● **What needs to be done**: For this exercise, output the entries below exactly from the line that holds "442 Tailwind Drive, Seguin, TX 78155" to the line that holds "Appartement 4 pièces 94 m²", both ends included. No pictures belong in the copy.

● **Provided entries**:
====================
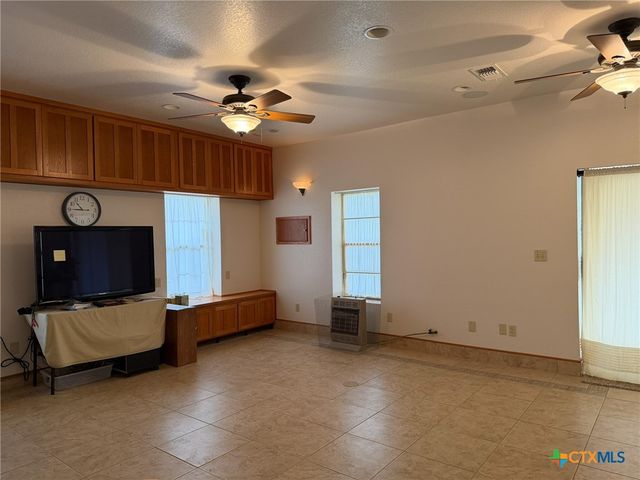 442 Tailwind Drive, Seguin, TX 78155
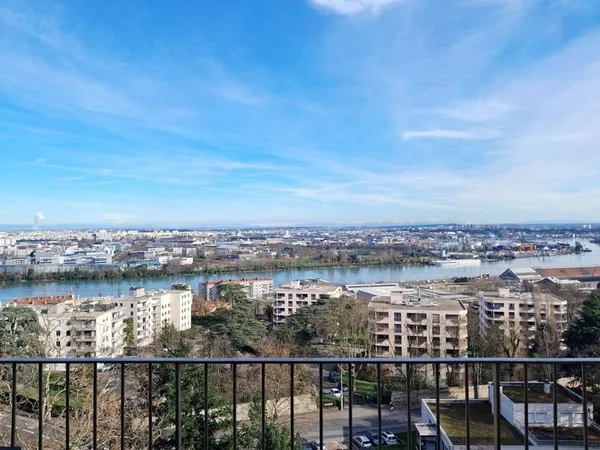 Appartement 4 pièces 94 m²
====================
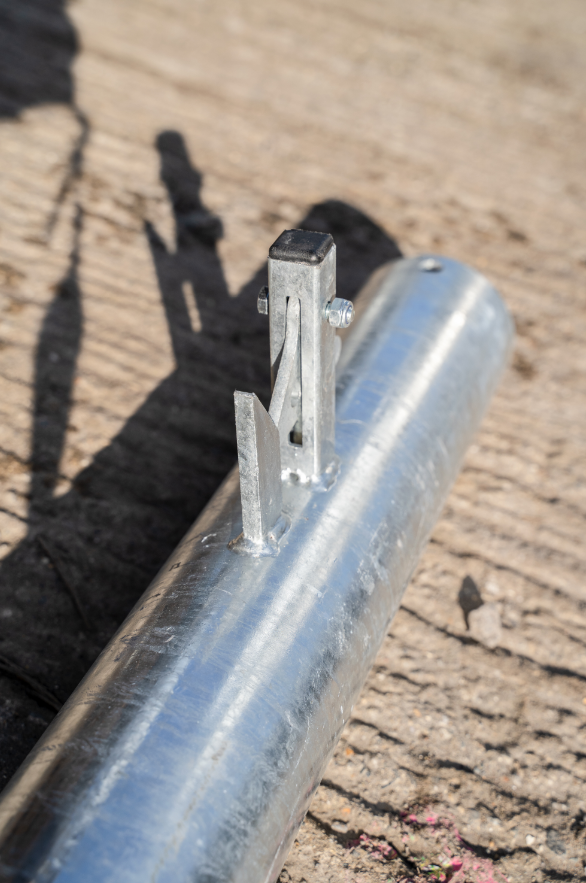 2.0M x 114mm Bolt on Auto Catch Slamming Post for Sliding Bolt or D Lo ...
====================
● **Exercise output**:
 442 Tailwind Drive, Seguin, TX 78155
 Appartement 4 pièces 94 m²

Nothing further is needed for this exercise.